Still, for a species that is over 3.5 billion years old, we know surprisingly little about cyanobacteria, including why it makes BMAA.
(Curiously, even though BMAA is a "nitrogen heavy" molecule (it has 2 nitrogen atoms) cyanobacteria synthesise it in times of nitrogen deficiency. For this reason, we think it might be used to store nitrogen, which would also explain its symbiotic relationship with plants, especially cycad palms).
What we do know however, is that cyanobacteria produce BMAA under very specific conditions, often when they are starved of nitrogen, which can happen if they grow in a "natural lake" or not.
To be fair though, the evidence for Arthrospira producing BMAA is nowhere near conclusive.
one paper from 2014 did not find BMAA in Arthropsira Platensis, but the authors cautioned;
"Although these results are reassuring, BMAA analyses should be conducted on a wider sample selection and, perhaps, as part of ongoing Spirulina production quality control testing and specifications."

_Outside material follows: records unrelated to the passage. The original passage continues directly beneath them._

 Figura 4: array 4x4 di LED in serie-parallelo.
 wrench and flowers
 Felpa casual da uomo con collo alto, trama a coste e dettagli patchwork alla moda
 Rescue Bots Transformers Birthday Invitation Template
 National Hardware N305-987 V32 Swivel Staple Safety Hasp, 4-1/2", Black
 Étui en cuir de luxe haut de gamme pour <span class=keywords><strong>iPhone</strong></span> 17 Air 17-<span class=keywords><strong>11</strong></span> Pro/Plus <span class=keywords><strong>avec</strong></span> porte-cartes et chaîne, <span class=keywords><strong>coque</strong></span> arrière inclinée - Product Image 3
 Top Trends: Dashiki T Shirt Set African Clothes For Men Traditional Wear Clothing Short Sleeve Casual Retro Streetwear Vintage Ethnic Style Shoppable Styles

Another more recent paper tested 39 samples of commercially available Spirulina from health food shops in Canada and found that 14 of them were positive for BMAA with levels ranging from less than 1 to more than 100 μg/g.
"Using this method, we have identified and quantified BMAA as well as AEG and DAB in several natural health products containing Spirulina, a form of cyanobacteria, or blue-green algae, also known as Arthrospira."
Part of the reason for these discrepancies can be attributed to the many pitfalls associated with detecting BMAA. For one thing, it's present in very low quantities so requires very sensitive, high-end techniques to detect it. It also has an isomer (which is a compound that is very similar in structure) that can often be mistaken for it. And finally, it's often present in complicated matrices such as algae or seafood, so separating it out is fraught with complications.
So in summary, cyanobacteria don't always make BMAA but we don't know how to stop them making it either. Growing them in special ponds whilst giving them death stares or drying them in a special way does not guarantee your powder or pills will be free of BMAA.
The only way to be absolutely sure that your Spirulina is clean is to test every batch, every time. There are now well established methods to do this, but I doubt we will see producers adopting them anytime soon. This is partly because Australian government regulations do not require supplements to be tested for contaminants, but also people are under the impression that if it is natural, then it must be safe.
But this is not always the case, as demonstrated by studies that show supplements can be contaminated with “banned” and often dangerous substances.
Just because it's natural doesn't mean its safe.
In the end though, you need to consider whether the benefits outweigh the risks. The benefits here are you get a big dose of protein, and the risks are you're increasing your risk of getting a neurodegenerative disease.